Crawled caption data
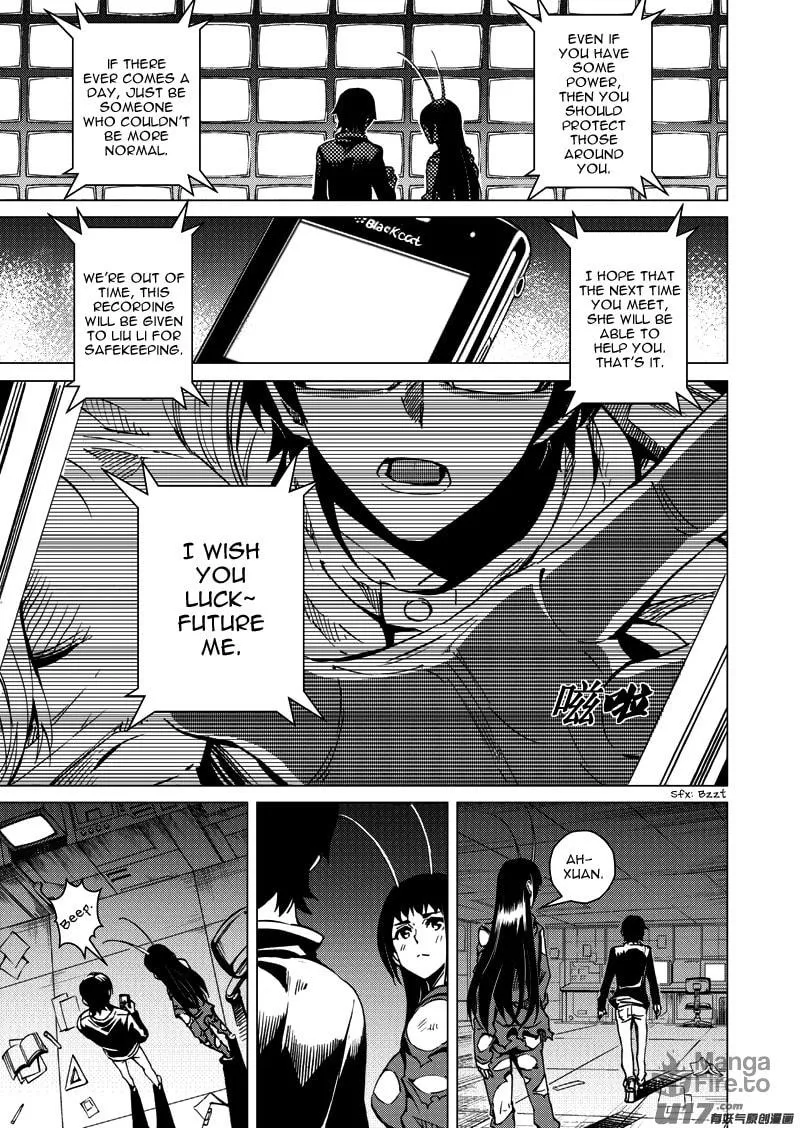 Read School Shock chapter 19.2 image 8 on Lezhin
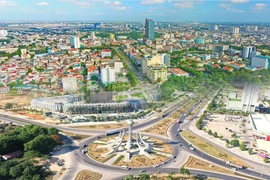 Thanh Hóa: 16 xã, phường thành lập Ban Quản lý dự án đầu tư xây dựng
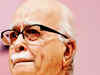 Disciples bounce BJP patriarch L K Advani out of the party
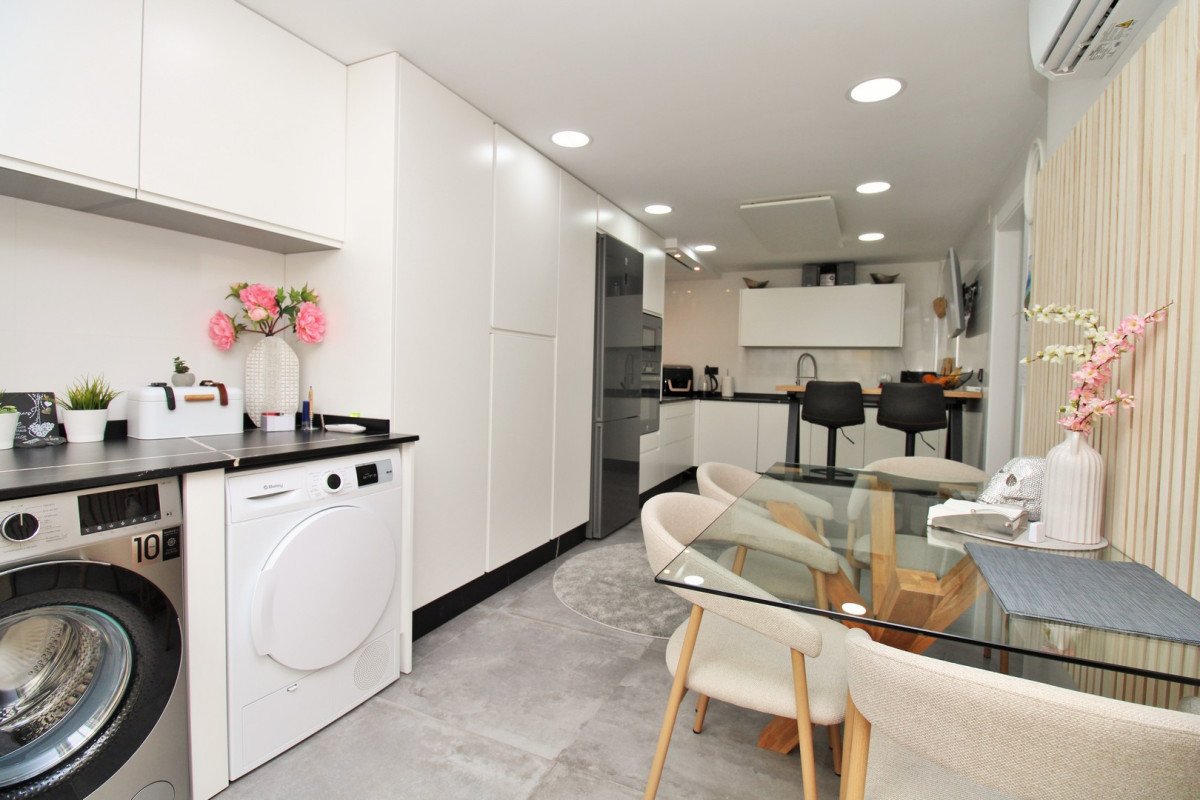 Reventa - Villa - Mil Palmeras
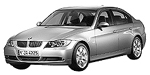 BMW E90 B0136 Fault Code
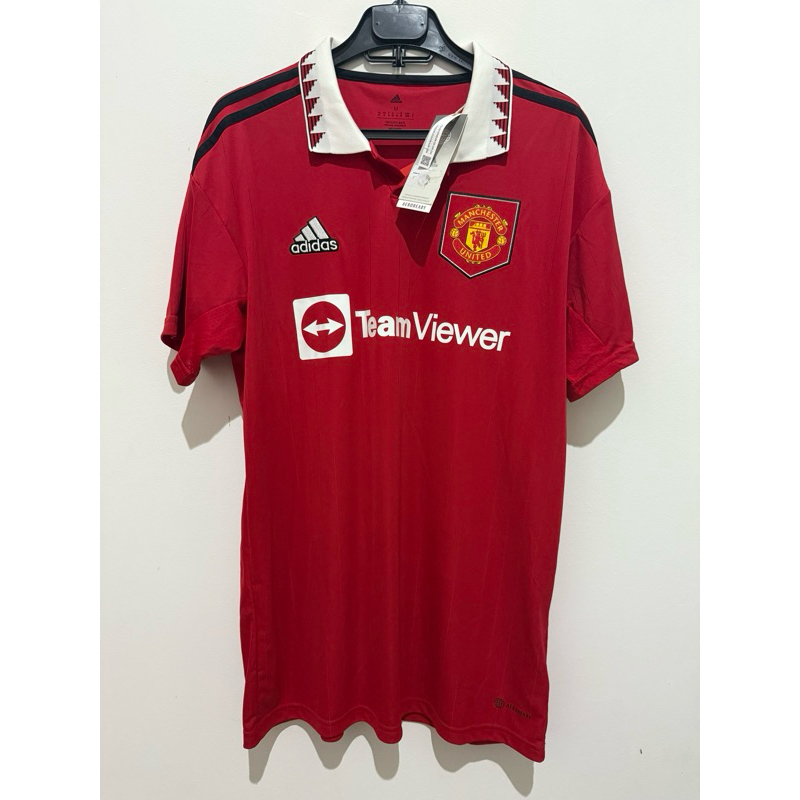 Jersey Manchester United 2022/2023 Blokecore Vintage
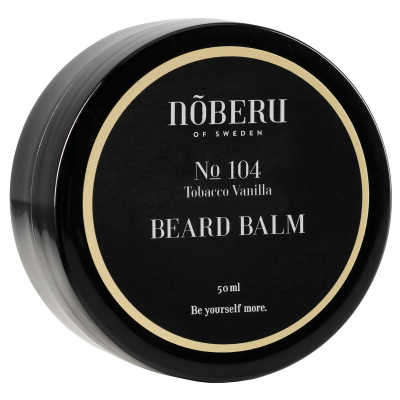 Nõberu Beard Balm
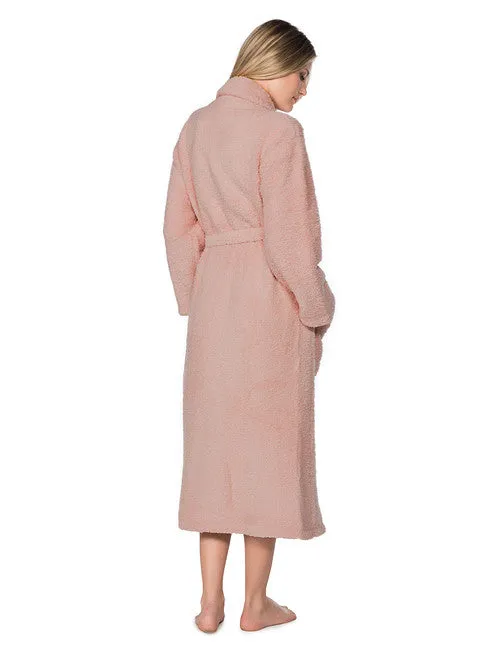 Barefoot Dreams Womens CozyChic© Adult Robe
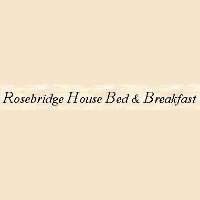 Rosebridge House Bed and Breakfast Logo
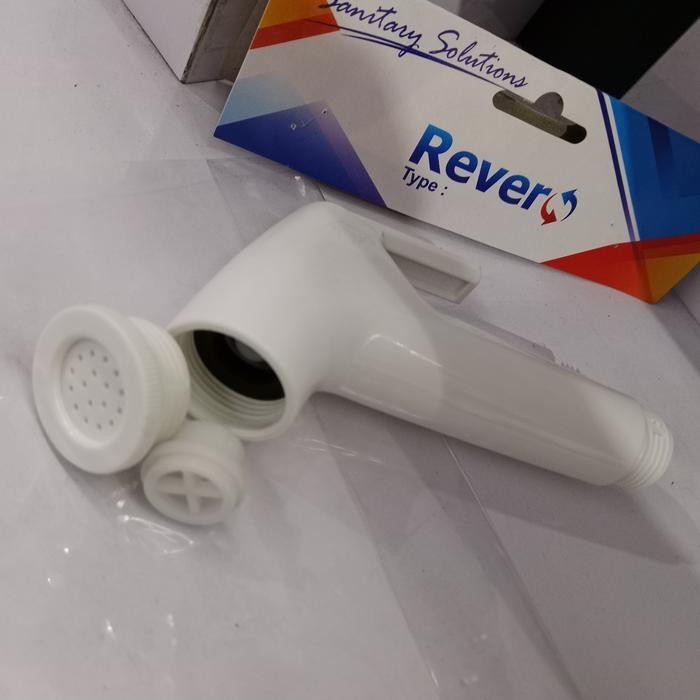 KEPALA BIDET/JET WASHER/JET SHOWER CLOSET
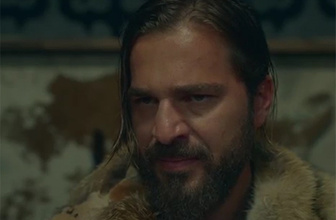 Diriliş Ertuğrul 55. bölüm final sahneleri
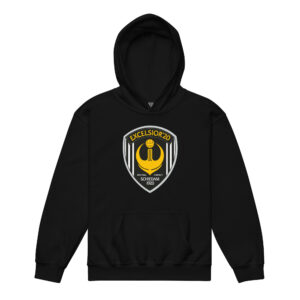 Excelsior20 - Jongeren Hoodie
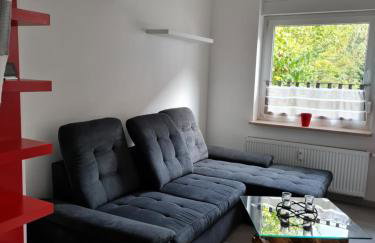 Ferienwohnung am Kurpark - Foto 5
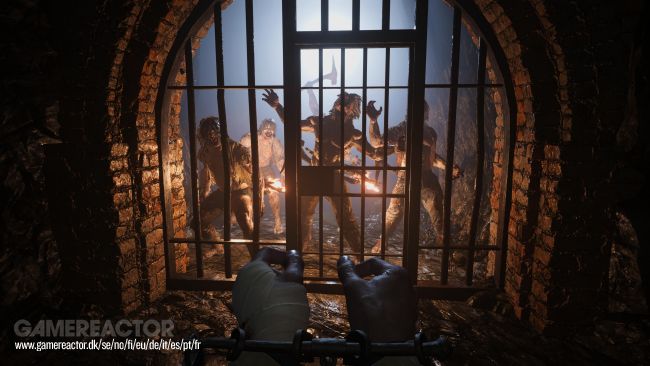 Resident Evil Village
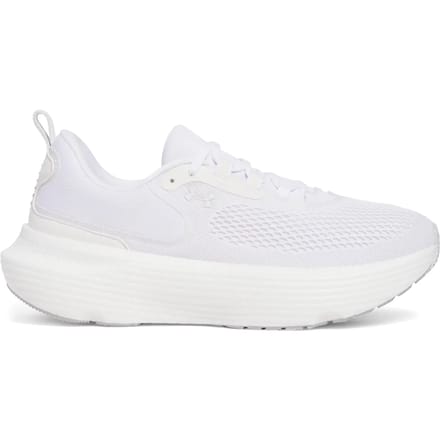 Under Armour Infinite Elite 2 Hardloopschoenen Wit EU 44 1/2 Man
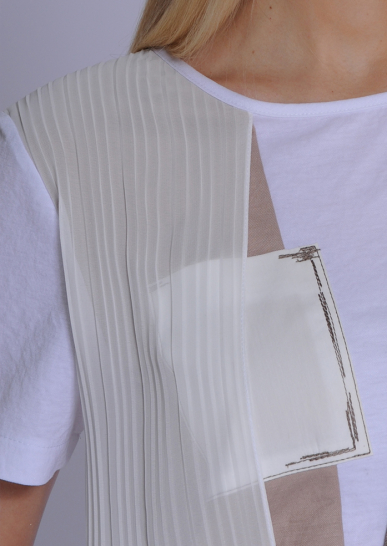 Футболка Интрига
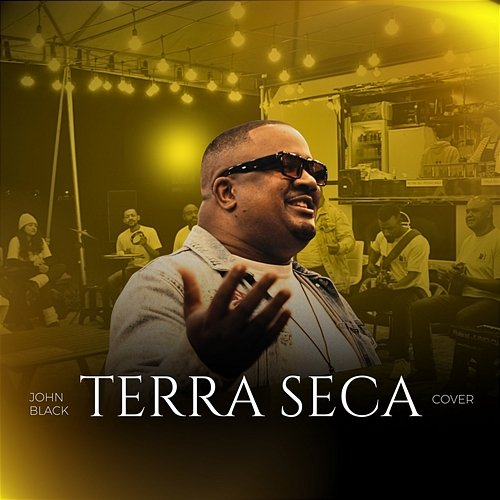 Terra Seca Jhon Black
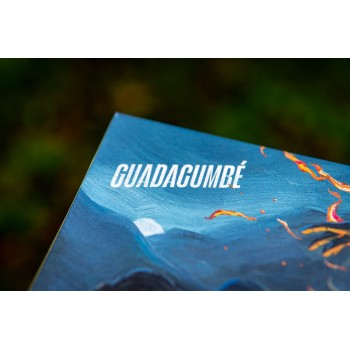 Guadacumbé EP 10"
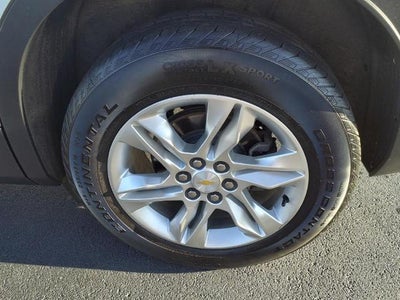 2020 Chevrolet Blazer 2LT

* _WHAT THIS TASK INVOLVES_
Your answer must consist solely of the lines from the one containing "Reventa - Villa - Mil Palmeras" through the last line of the records above, copied exactly, with every picture left out.

* _SOLUTION_
 Reventa - Villa - Mil Palmeras
 BMW E90 B0136 Fault Code
 Jersey Manchester United 2022/2023 Blokecore Vintage
 Nõberu Beard Balm
 Barefoot Dreams Womens CozyChic© Adult Robe
 Rosebridge House Bed and Breakfast Logo
 KEPALA BIDET/JET WASHER/JET SHOWER CLOSET
 Diriliş Ertuğrul 55. bölüm final sahneleri
 Excelsior20 - Jongeren Hoodie
 Ferienwohnung am Kurpark - Foto 5
 Resident Evil Village
 Under Armour Infinite Elite 2 Hardloopschoenen Wit EU 44 1/2 Man
 Футболка Интрига
 Terra Seca Jhon Black
 Guadacumbé EP 10"
 2020 Chevrolet Blazer 2LT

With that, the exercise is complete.